SG of antimony is a bit lower, but have specimens of antimony that look similar but not exactly. Is it brittle? The Deus gives an ID of 89 on antimony, which is similar to Al. But antimony has more a silver lustre (on broken surfaces) than gold lustre. Interesting.

Although pure antimony has a density that is too low, this could be antimony allowed with something heavier.  Also, bismuth is a chemical relative of antimony but with higher density.  So if appearance is associated with chemical properties then maybe this is a bismuth alloy.  I have looked for those and can't find one that matches, though.

I'm running out of properties I can think of and have the ability to measure:  streak is dark gray; Moh's hardness is ~6 (scratches soda lime glass but is scratched by tool steel).  Oh, and the Gold Bug Pro's Fe3O4 gives a high reading, and the closer the coil gets to this unknown sample the higher it gets.  That's true in both all-metal and discriminate mode, and seems to be higher response on this scale in discriminate.  I don't really understand completely what this means.  Given that the sample isn't magnetic it can't be magnetite.  So what is this meter reading value really telling me?

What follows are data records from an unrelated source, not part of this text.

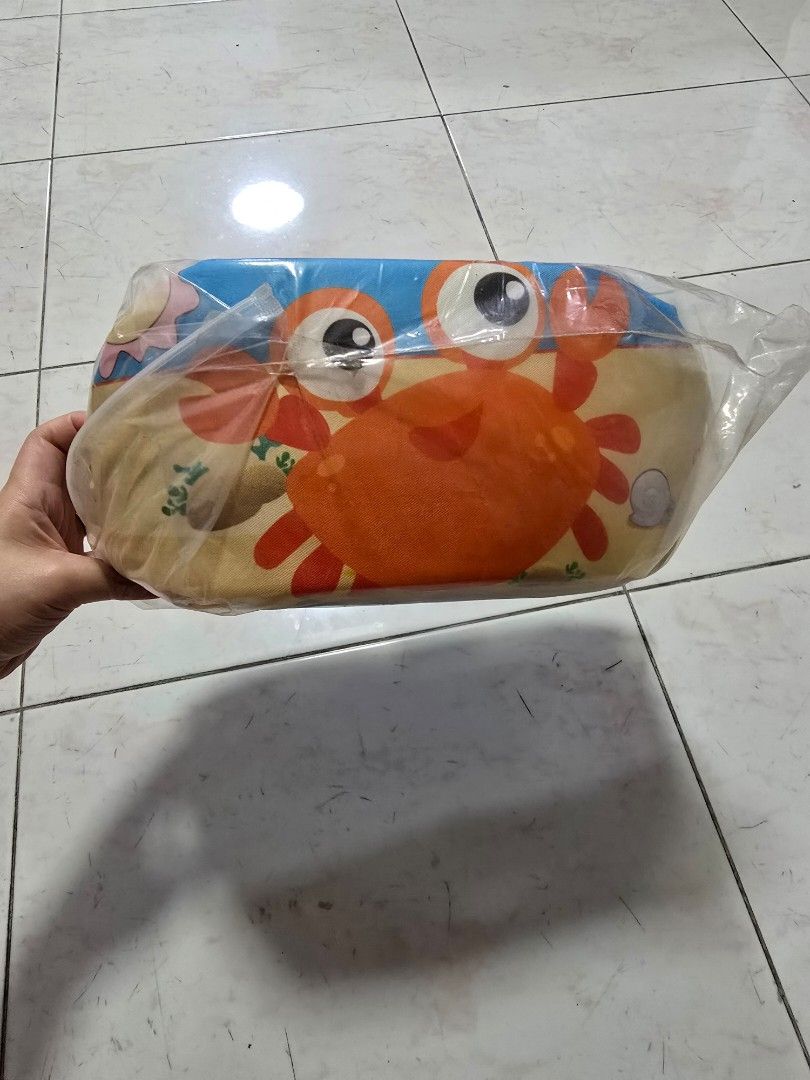 toddler Float (Category: Infant Playtime) located in Singapore. Submitted by nanamewz (Listing ID 1348155998, Image 2). Description: toddler Float for up to 15 Kg.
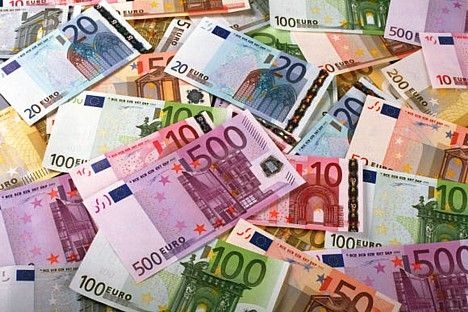 Atbalsts eiro ieviešanai turpina stabili pieaugt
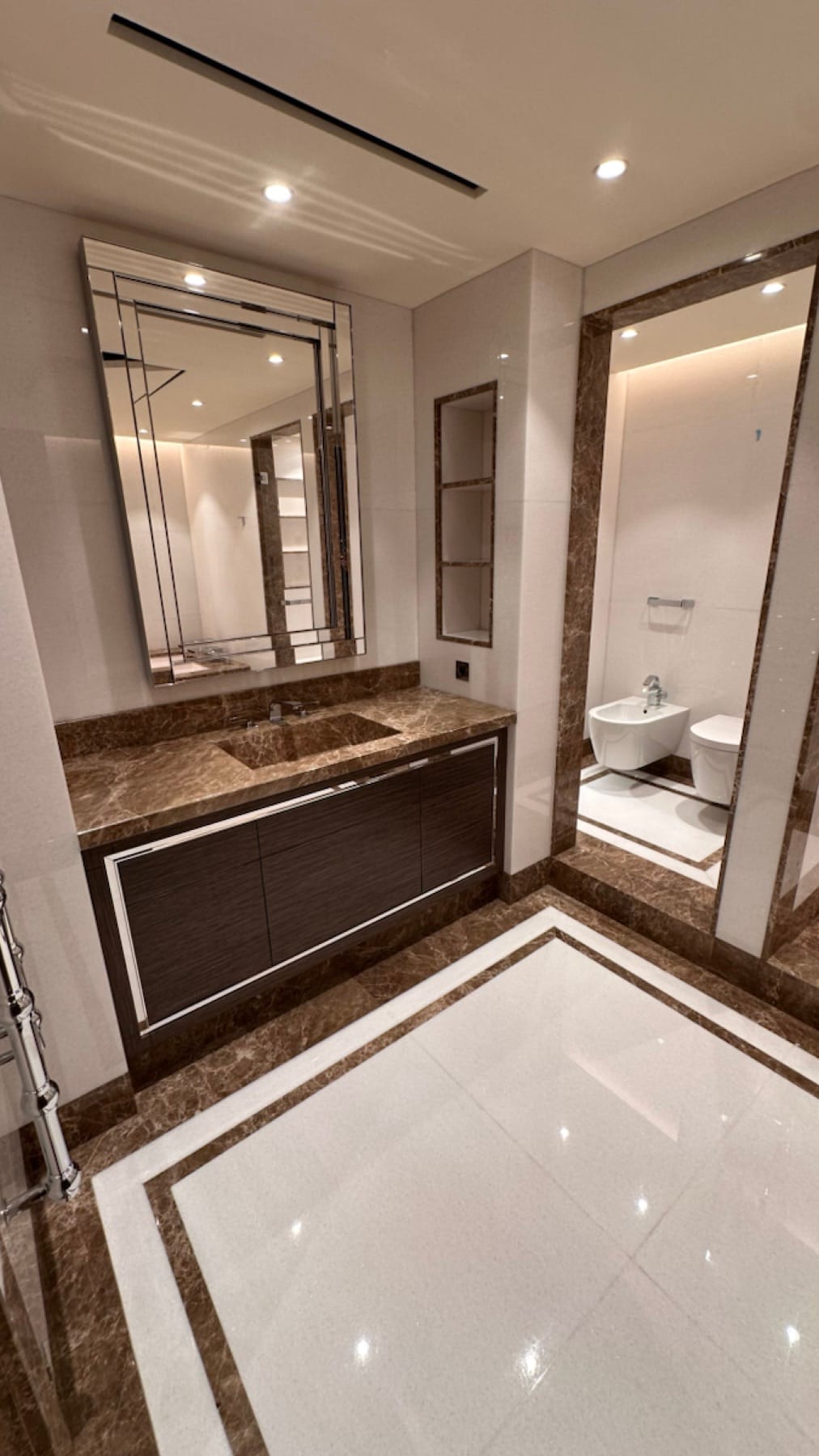 Bagno in Bianco Neve ed Emperador Light - dettaglio 4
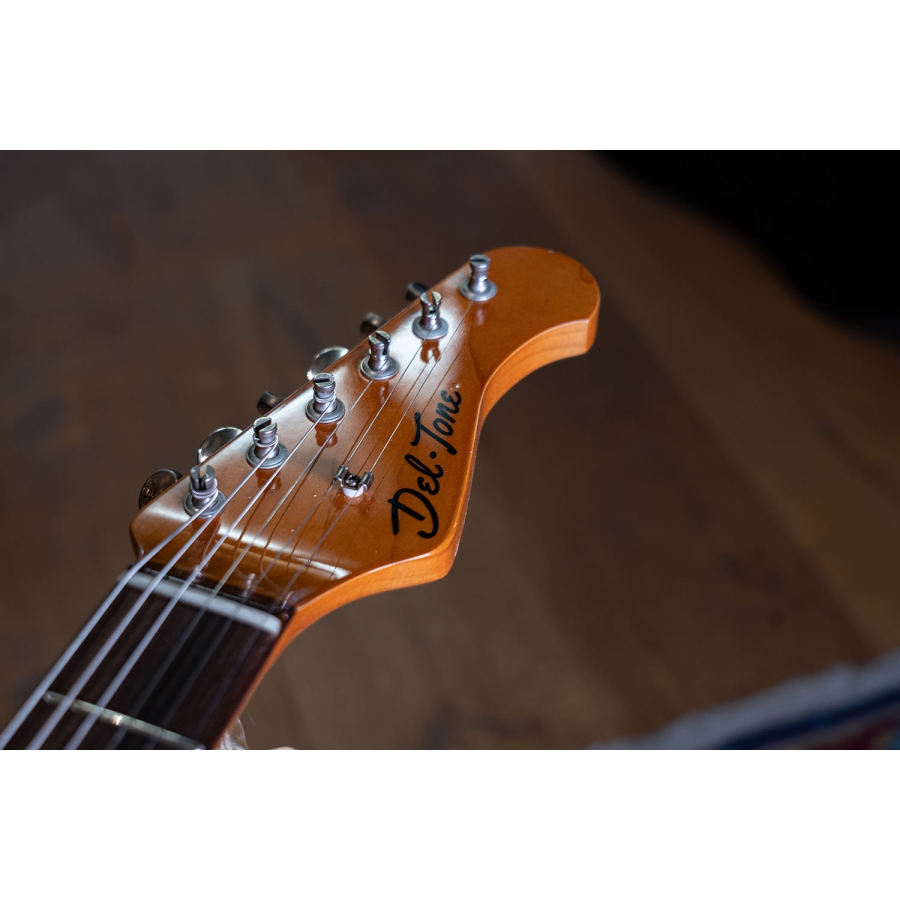 Del-Tone 60s S-style Gold Sparkle Del-Tone 60s S-style Gold Sparkle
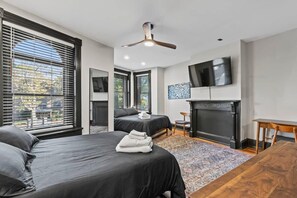5 bedrooms, desk, iron/ironing board, WiFi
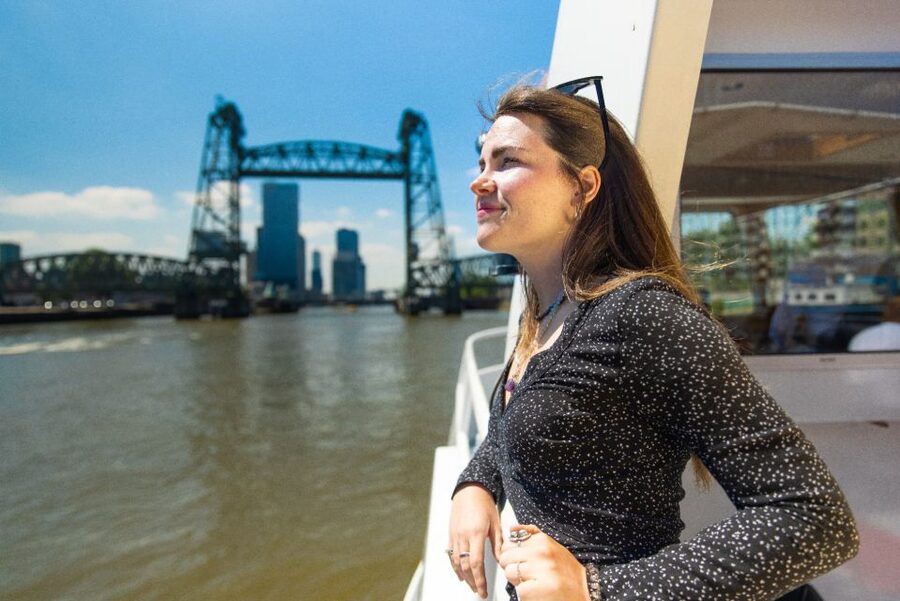 Rotterdam: Harbor Cruise with Live Guide - The SS Rotterdam and Hotel New York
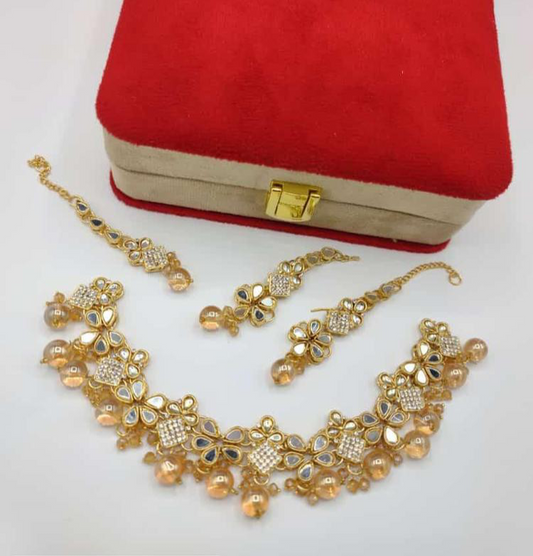 Kundan Stones Necklace Set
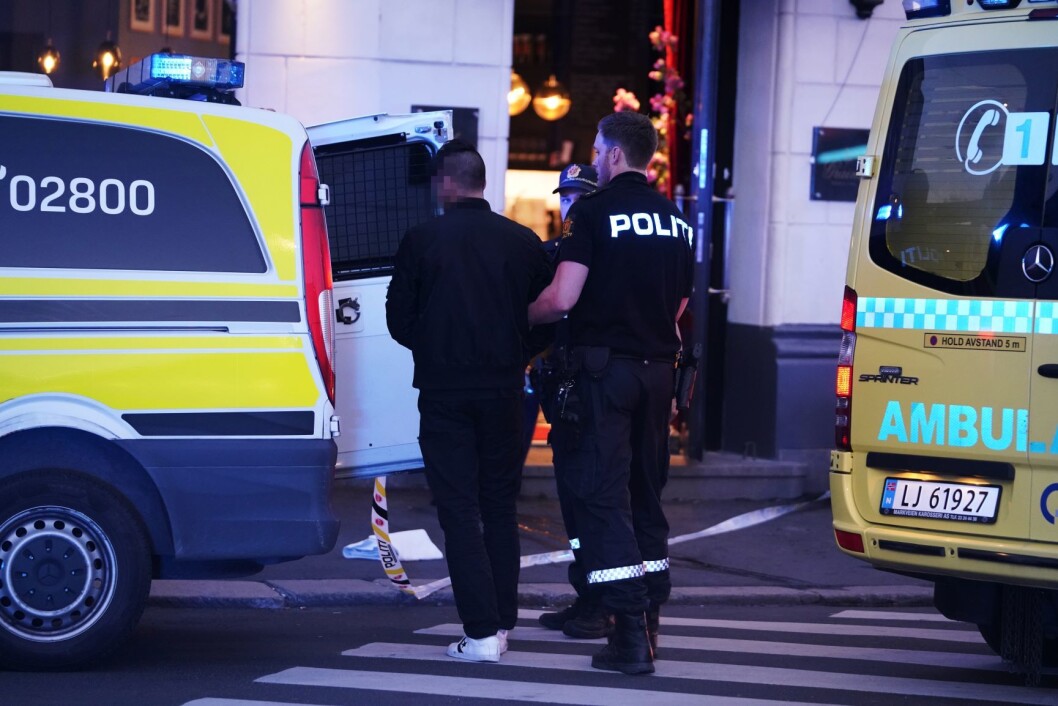 Politiet har kontroll på en person på stedet som fremstår som mistenkt. Foto: Fredrik Hagen / NTB scanpix Politiet har kontroll på en person på stedet som fremstår som mistenkt. Foto: Fredrik Hagen / NTB scanpix
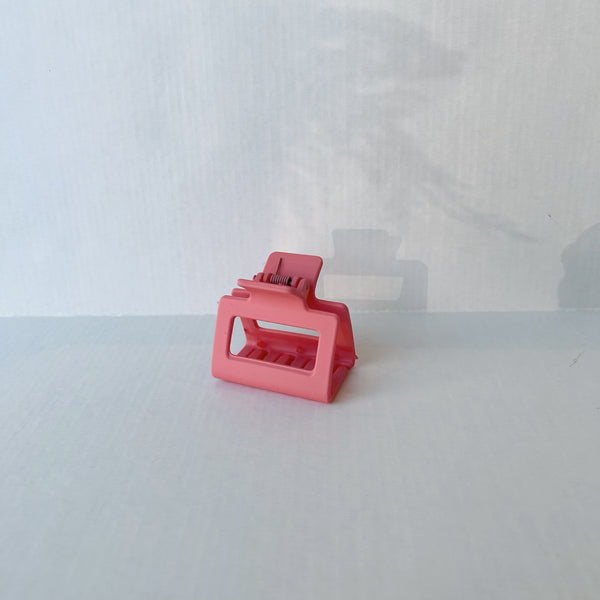 Medium Matte Cut Out Rectangle Hair Claw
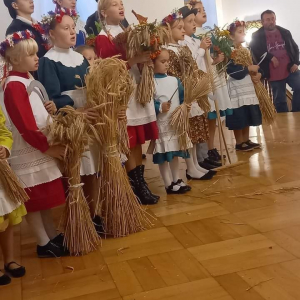 obrzędy w wykonaniu uczniów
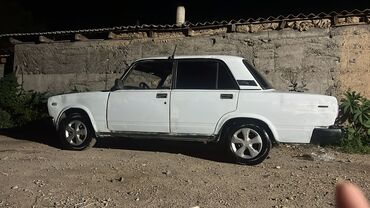 автомобиль ваз лада: ВАЗ (ЛАДА) 2105: 2004 г., 1.7 л, Механика, Бензин, Седан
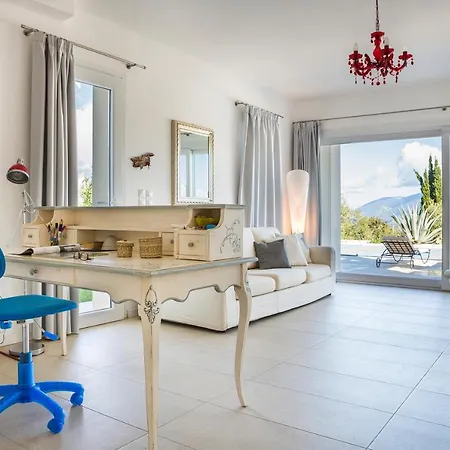 Hermes Villa *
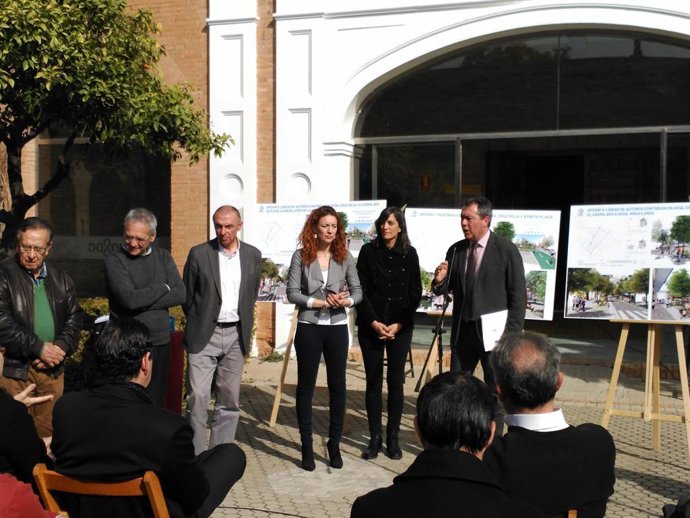 Espadas presenta a vecinos de Cruz Roja la remodelación de la avenida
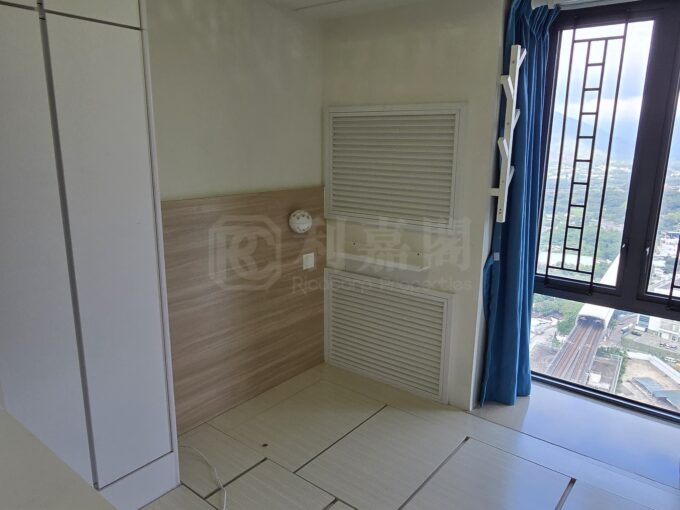 ​【港鐵元朗站上蓋 GRAND YOHO 8座 907呎極高層四房雙廁】 - 元朗屋網 28YuenLong.com
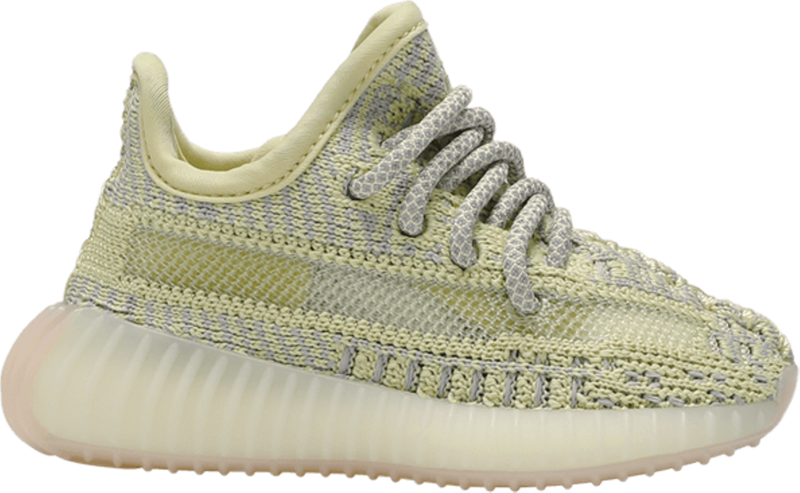 Yeezy antlia on sales feet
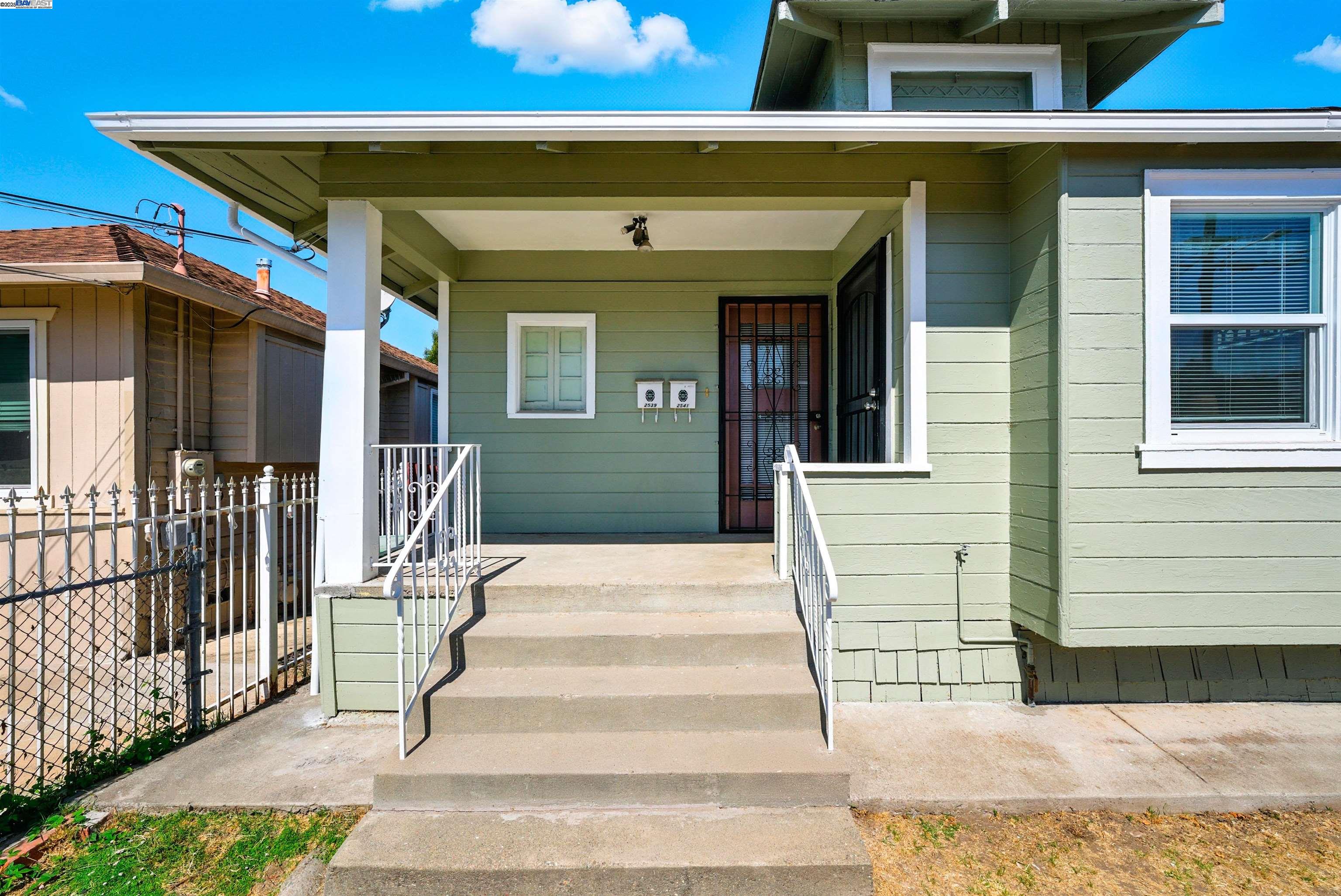 Detail Gallery Image 2 of 58 For 2539-2541 Grande Vista Ave, Oakland,  CA 94601 - – Beds | – Baths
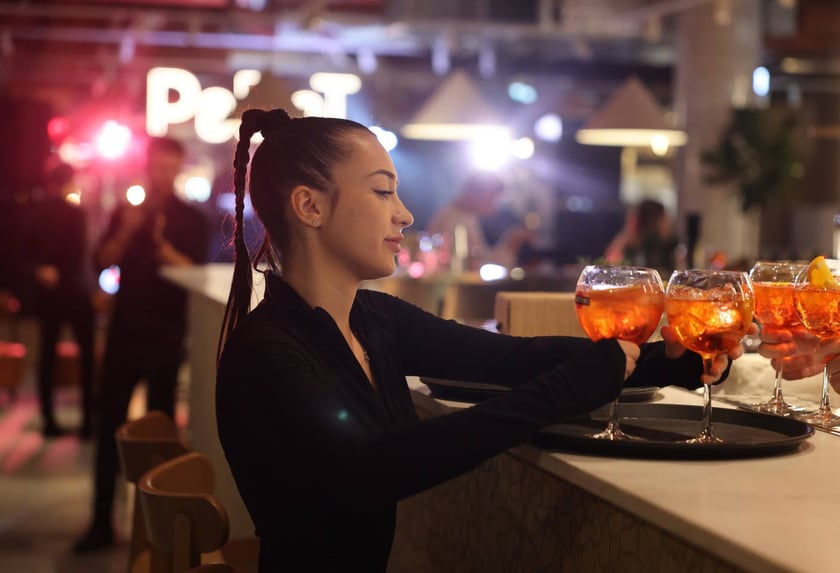 Strefa Pedet to nowa części gastronomiczno-kulturalna inspirowana food halą. Ofertę Pedetu tworzy siedem autorskich punktów gastronomicznych reprezentowanych przez znanych restauratorów.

Finally, I did a resistance measurement using an ohmmeter with curious results.  On the lustrous face the resistance was nearly non-existent (less than 1 ohm) and on the flat black face the resistance was imperceptible -- greater than 20 Megohm.  I don't think resistance is a particularly useful quantity when it comes to ID'ing rocks/minerals but very low resistance has to be rare.

Of the minerals I listed earlier which are in the spec. gr. ballpark (and the measured hardness), ferroselite is intriguing.  That is FeSe2, a chemical compound of iron and selenium.  It is found in both Colorado and Utah.  Nothing is perfect and the images I find on the web appear to show a higher granularity, but otherwise look pretty close.

I'm wondering if we are getting close to saturation as far as identifying this specimen here.  There are other analysis options (like x-ray fluorescence) but are they worth it?  Bottom line is I have a dense ore sample which gives very high metallic readings on both a 19 kHz VLF detector and a 10 microsecond delay PI detector.  If I ever run across this in the wild I'll be in better position to draw conclusions, even if those conclusions aren't as sound as I'd like.